After configuring the fileserver, the script will flow right into configuring Seahub, the web interface that sits on top of the fileserver. This part is less needy, and will only require an [Enter] press to continue.
At the end, the script should display useful information about how to start/stop/reset the servers, as well as what ports each part is running on.
Run & Start
Starting the servers is done by doing what the script says… run the following commands:
./seafile.sh start ./seahub.sh start
With the servers running, it may be necessary to configure the firewall to allow their ports. On Ubuntu 16.04:
sudo ufw allow 8000/tcp sudo ufw allow 8082/tcp
That’s it. With any luck, clients should be able to connect to the server (assuming the server is reachable from the client computer… but that’s a lesson for another day).
Note: The first time seahub is run, it will need to setup an admin account. So while it was nice and considerate in the last step… it will insist on being supplied a username (email) and password for the new admin account. Again, just comply.

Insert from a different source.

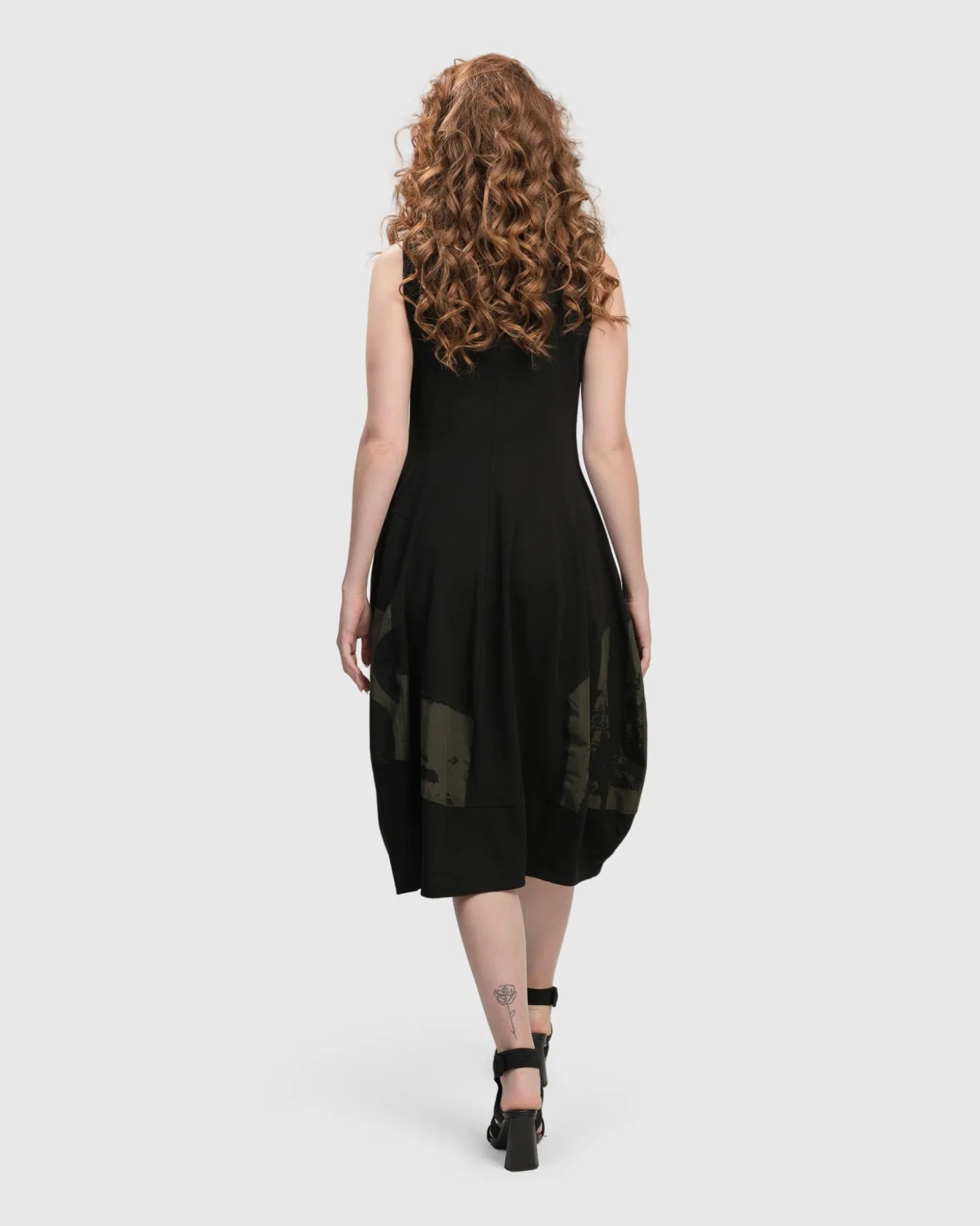 Women Alembika Urban Sleeveless Cocoon Dress, Khaki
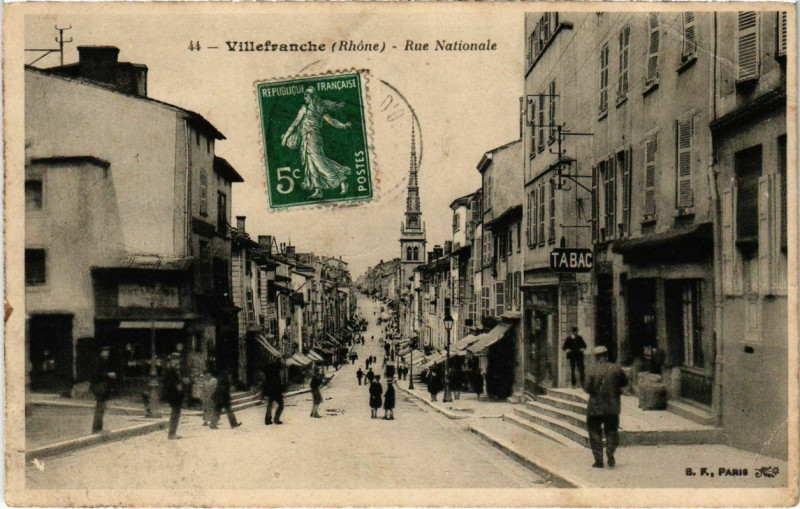 Carte postale ancienne Villefranche-sur-Saone - Rue Nationale à Villefranche-sur-Saône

The seafile desktop client was trivial to install. It was in the Solus repos, so
I just needed to run
sudo eopkg it seafile-client, and I was done. I also
installed it on my work computers (which unfortunately runs Windows 10), and
even that was simple. I just downloaded and installed the Windows “Desktop
Syncing Client” at the top of the download
I have been using seafile as a syncing solution for the past few weeks. After the initial setup, it has been rather uneventful… which is a good thing. It just runs in the background, and I don’t really think about it. Exactly what you want with a syncing solution.
That being said, I haven’t fully dug into all of the details of the application yet. So, if I incorrectly critique something due to my own ignorance that simply isn’t true, I apologize in advance.
What I Like
Desktop Client - The desktop client is simple. It responds quickly, and is a nice little command center where I can view how seafile is configured on each individual system.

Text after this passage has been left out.